And, same as it happened with the Foreign Minister Milo in November 1997, the main German message to Albania was related to the "national reconciliation". This was a sign that after a year of continuous crisis, the Western giant has lost its nerves because of the policy of turning of backs and burning of bridges which the Albanian authorities and opposition pursued in their mutual relations since the elections of June 29, last year. This line of action was also followed in a four-hour high-level diplomatic visit of Klaus Kinkel on February 6, to Tirana. Brief, but packed with meetings, Kinkel's visit to Albania made the position of Germany towards the troubled Albanian political situation more clear. However, it was also a first specific signal that after two years the strongest country in Europe has returned to the closed Albanian file.

The last two years marked many ups and downs in the Albanian - German relations. Kohl's government, Berisha's political ally during a greater part of his five-year term of office, started to show the signs of estrangement at the time of parliamentary elections in Albania in the course of

  1. And while it unreservedly supported the former President and his Cabinet during the process of political reforms Bonn, same as other European-American partners did one after another, could not but send disturbing signals pointing to rigged election results. Still, the reactions of the European capitals, but not of the USA, to the increased authoritarianism of the Albanian government were not firm and did not aim at quick overthrowing of Berisha. And just as it happened during four years of war in former Yugoslavia, the Europeans were reserved in their criticism of the Albanian Government thus hoping to preserve the political stability in the neighbouring Albania which formally held the key to the spreading of the Yugoslav conflict to the southern part of the peninsula.

However, German reluctance continued even later. In April 1997, Bonn refused to take part in the UN led multinational forces "ALBA" for the establishment of order in Albania after a crisis caused by the collapse of the pyramid investment schemes. This absence was explained by "unstable situation in the country". It seems that the real reason for this passive attitude was the disappointment of the German diplomacy because it had failed with Berisha after five years of continuous efforts. On the other hand, it was perhaps then that Bonn decided to wait for the results of early elections of June 29, 1997, and resume negotiations with the new winners.

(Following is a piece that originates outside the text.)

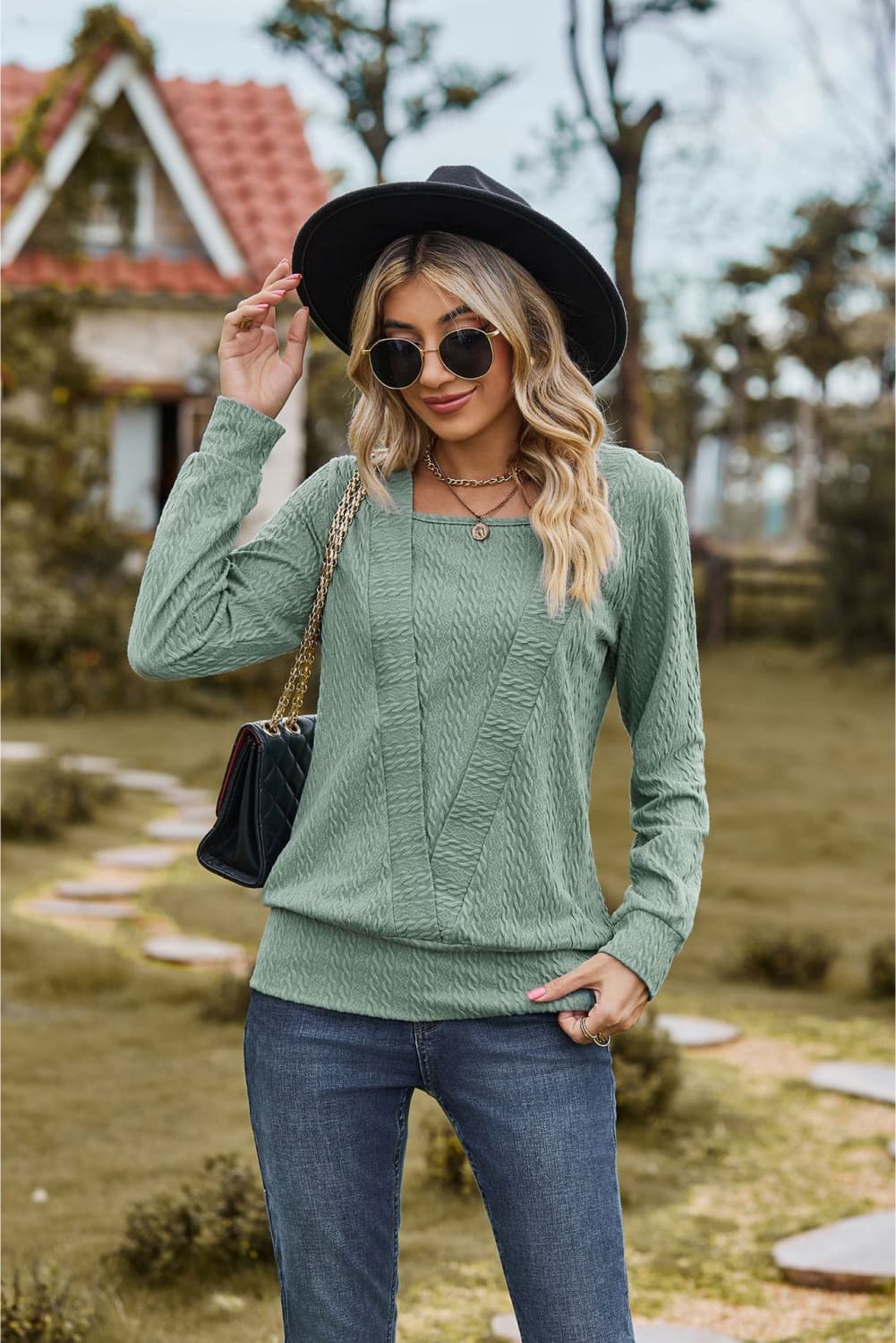 Square Neck Long Sleeve Blouse - Aurelia Clothing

Last September, during his visit to New York, the Prime Minister Nano and the Foreign Minister Milo met with the chief of German diplomacy, Kinkel. Official statements issued on that occasion were very optimistically intoned by the German side. This meeting was the talk of the town for a long time in Tirana. On that occasion Kinkel, among other things, invited his Albanian counterpart for official visit. And indeed, the fall 1997, marked the beginning of the unblocking of German aid to Albania. Some 400 million marks will flow into the Albanian state treasury within financing of infrastructure, mining, financial and educational projects.

By Milo's visit to Bonn and Kinkel's to Tirana, Albania and Germany have officially restored normal climate in their mutual relations. Now the German government has recognized the legitimacy of June elections, the parliament and the government that have resulted from them. More than once Bonn clearly made it known that it was against opposition's request for overthrowing Nano's government and holding early elections. On the other hand, Germany revived its activity in the fields of bilateral and multilateral cooperation. Strong German influence within the EU, Council of Europe and the OSCE was recently decisive in sending encouraging messages to Fatos Nano who, as it seems, is considered to be the only card to play, after Berisha discredited himself.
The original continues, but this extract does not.